Le gouvernement veut-il réellement négocier avec les lycéens ? En apparence , oui. Le 5 décembre il a reçu les organisations lycéennes. Mais celles -ci estiment qu’il n’y a aucune volonté d’aboutir a un accord, le ministère souhaite convaincre les organisations du bien fondé de sa politique. Au fond il ne croit pas en la représentativité des interlocuteurs qu’il invite à venir au ministère et se livre à un simulacre de négociation. Sur Cnews, le 6 décembre, le ministre balbutie. « Le dialogue est ouvert sur tous les enjeux du futur… La mise en oeuvre (de la réforme du bac) peut se discuter sur bien des points ». Mais il est incapable d’engager des discussions sérieuses.

Les organisations rappellent au gouvernement ses responsabilités. « Par son intransigeance le Ministre, qui refuse de dialoguer avec les organisations lycéennes, attise les colères, porte une part de responsabilité et prend le risque de la multiplication d’incidents très graves », écrit le Snes Fsu le 6 décembre. « Il est urgent de redonner de l’espace à la négociation en recevant les organisations de jeunesse et les organisations syndicales, en donnant des signes sur Parcoursup, sur la réforme des lycées et du baccalauréat ainsi que sur l’éducation prioritaire ».

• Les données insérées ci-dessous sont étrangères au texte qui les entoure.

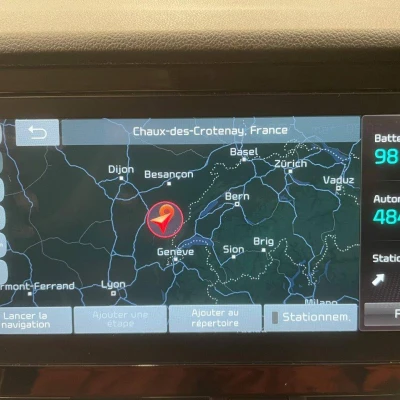 e-Niro Electrique 204 ch  Active - photo 42/56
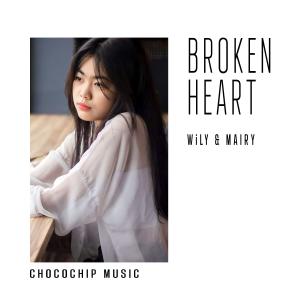 Album Broken Heart oleh Mairy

L’Unsa Education pose lui aussi la question des réformes et des postes.  » Le rythme effréné de réformes multiples, mal ou pas expliquées, sans prendre le temps de la négociation avec les premiers concernés : personnels, lycéens, étudiants et parents ont certainement nourri la défiance et le mécontentement… Au delà des discours, des actes doivent être posés dès à présent. Les suppressions de postes qui minent la confiance de toutes et tous doivent être immédiatement annulées ». Visiblement le ministre fait le choix d’attendre.

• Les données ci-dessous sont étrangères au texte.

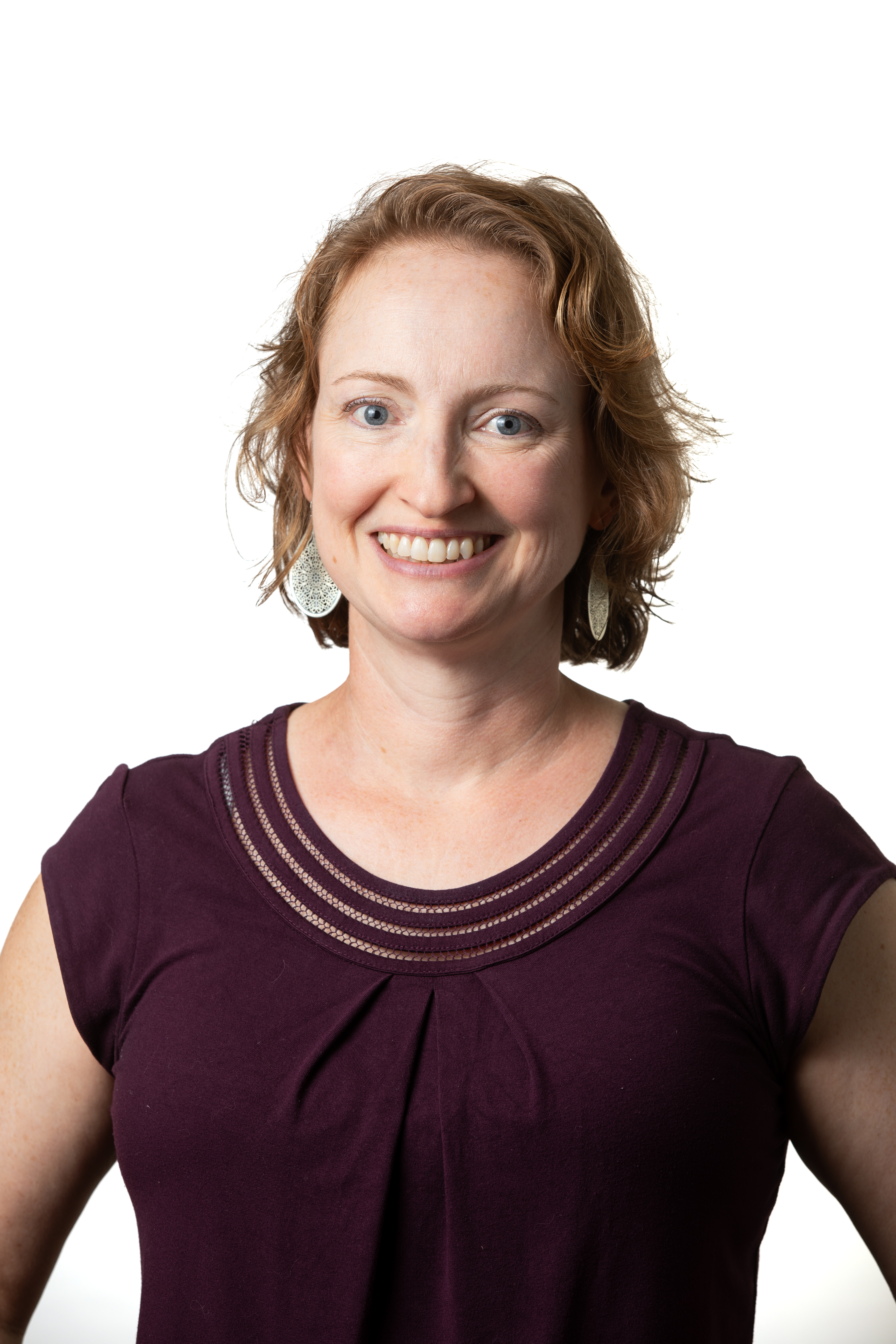 Katie Garber, Ph.D.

Pourtant la concomitance du mouvement avec la mise en place des réformes du lycée et du lycée professionnel et la première étape de Parcoursup est évidente. Pourtant les cortèges lycéens (2000 jeunes à Paris par exemple le 6 décembre) portent des pancartes dénonçant la sélection et demandant l’arrêt des réformes.

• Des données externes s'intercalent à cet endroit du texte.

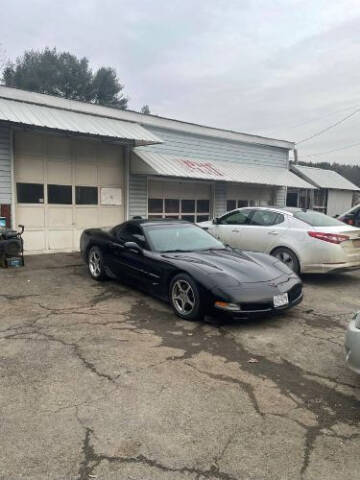 2000 Chevrolet Corvette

Le ministre affirme vouloir négocier mais il inscrit au Conseil des ministres du 5 décembre le projet de loi Blanquer qui a été refusé à l’unanimité par les syndicats en CSE.

Mais peut-il encore espérer sauver les réformes des lycées, conserver Parcoursup, opérer tranquillement la réforme des statuts et des carrières ? C’est exactement l’enjeu des journées du 7 et du 8 décembre. Faute d’entrer dans des négociations claires et assumées, il renvoie à la rue le soin d’en décider. Les atermoiements du ministre portent tous les dangers de cette journée. En jouant les prolongations, il prend des risques importants compte tenu du niveau de violence qu’il laisse s’installer dans la rue.